De entre todas las piezas de Primitive, la principal nos muestra en dos pantallas, situadas la una encima de la otra, a unos muchachos del lugar que matan el tiempo, nadan, juegan y se agitan envueltos por el gas de unos botes de humo. Cómo se transforma todo eso en una deslumbrante fábula de fantasmas y OVNIs, es algo que pertenece a un arte sutil que no es fácil definir. Quien exija una lógica narrativa a la sucesión de estas imágenes fracasará si no entiende que Apichatpong sólo esboza, como siempre, la posibilidad de un relato. Él no cuenta historias, las susurra. Sugiere un armazón en forma de enigma y un fondo en forma de pueblo abducido que se representa a sí mismo.

Ciertamente, Primitive es cine en un sentido profundo, porque reúne los dos grandes poderes de la imagen en movimiento: el documento y el sueño.
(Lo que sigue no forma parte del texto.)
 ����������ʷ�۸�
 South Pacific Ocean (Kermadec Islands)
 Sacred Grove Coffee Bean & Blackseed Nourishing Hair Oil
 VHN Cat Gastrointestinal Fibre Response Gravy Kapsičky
El cine de Apichatpong es eso mismo, la literalidad del cuento y de las gentes, el asombro de un subconsciente que no es personal sino colectivo –un soñar que funda un pueblo-. ¿Demasiado abstracto? No, más bien al contrario: todo es concreto en su obra. Hay hombres y mujeres reales (no actores, sino personas que actúan), que se mueven en sitios reales, y que se cuentan extrañas historias sobre brujos y tigres (Tropical Malady, 2004). Y de pronto, el tigre está ahí, recitando un ensalmo que habla del deseo y la devoración, reencarnado en soldado o en campesino. Todo se transforma y transmigra, tanto las almas como los relatos. De hecho, las almas se encarnan en cuentos y viceversa. Y así como el hombre y el animal aparecen conectados por una misma naturaleza, así también el pueblo es un hábitat poblado por espíritus, es decir, por la infinidad de sus fábulas, siempre dispuestas a transformarse de boca en boca y de imagen en imagen (Mysterious Object at Noon, 2000). Es lo inmemorial, que arde y subsiste a pesar de los tiranos y las autopistas.
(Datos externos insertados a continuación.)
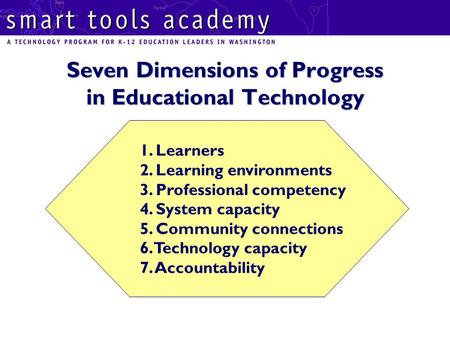 Seven Dimensions of Progress in Educational Technology 1. Learners 2. Learning environments 3. Professional competency 4. System capacity 5. Community.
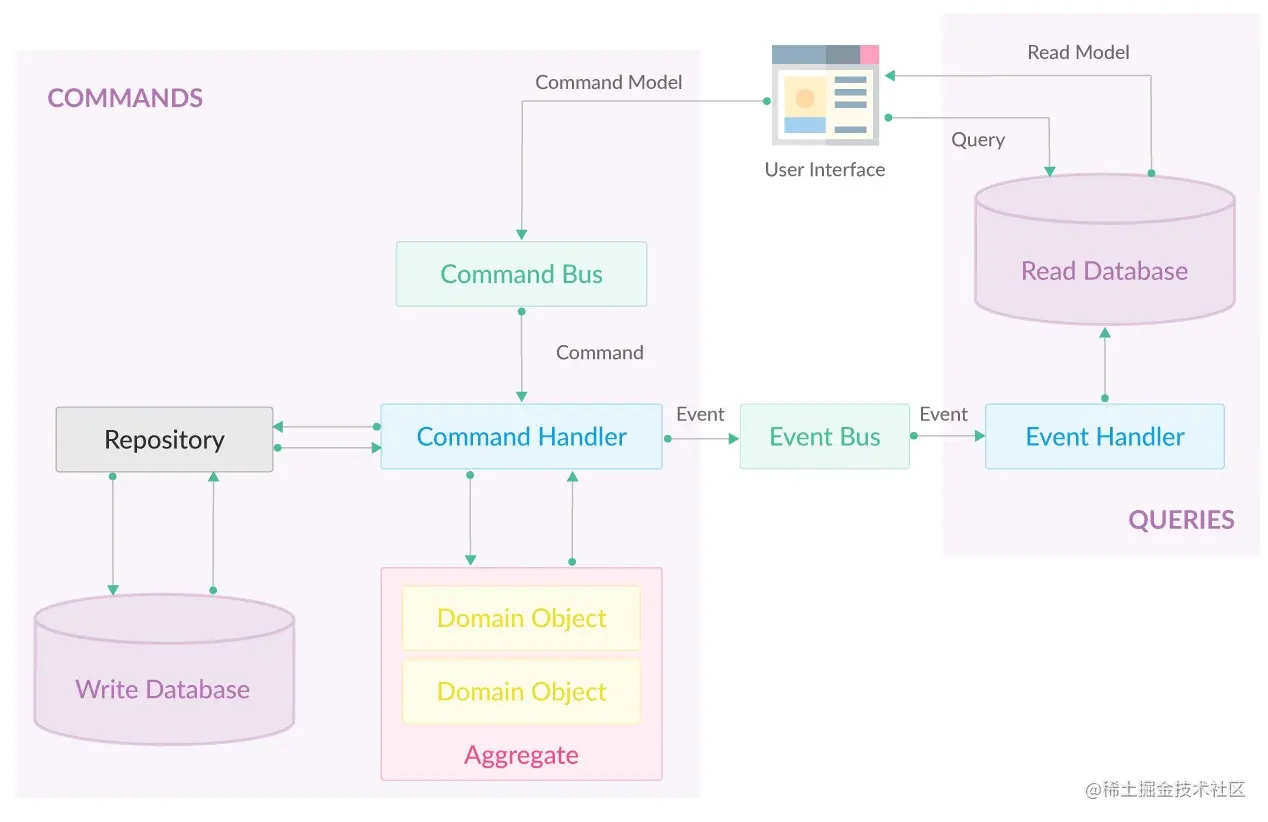 CQRS&EventSourcing—解决检索应用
“Érase una vez”, dice un contador de historias, y uno imagina que hay un espejo ante él. Pero en el espejo es de noche mientras que aquí es de día. Así también Apichatpong imagina mundos que tienen un doble, y sólo hace falta la ventana de un dormitorio abierta a la jungla para tender un puente hacia él. Su cine hace etnografía de lo invisible, de lo que no puede ser catalogado porque está del otro lado del espejo, ni cabe en los libros porque su objeto no es la leyenda, sino ese algo transparente que late entre las leyendas y el pueblo que las engendra. Frente al cansancio de una cultura, la de nuestro tiempo, que ha condenado a todas las historias a repetirse, aquí aparece el encanto originario de la narración entendida como respiración, como un aire propio de los lugares. Ya no será contar cuentos, sino respirar su aroma. El cine de Apichatpong es, por eso y por muchas otras razones, una de las pocas promesas de asombro y éxtasis que aún se cumplen, fielmente, película a película. No sabemos qué pensaron realmente ni qué se decían en la cena Víctor Erice y Tim Burton, dos tipos tan distintos, ni los demás miembros del Jurado. Tanto da. Conste, eso sí, que por ellos este año Cannes se elevó muy por encima del interés de las industrias y de los yates que asfixian la Croisette en estas fechas, y que el cine hizo un homenaje al cine.

Publicado en Canarias 7 el 26 de mayo de 2010.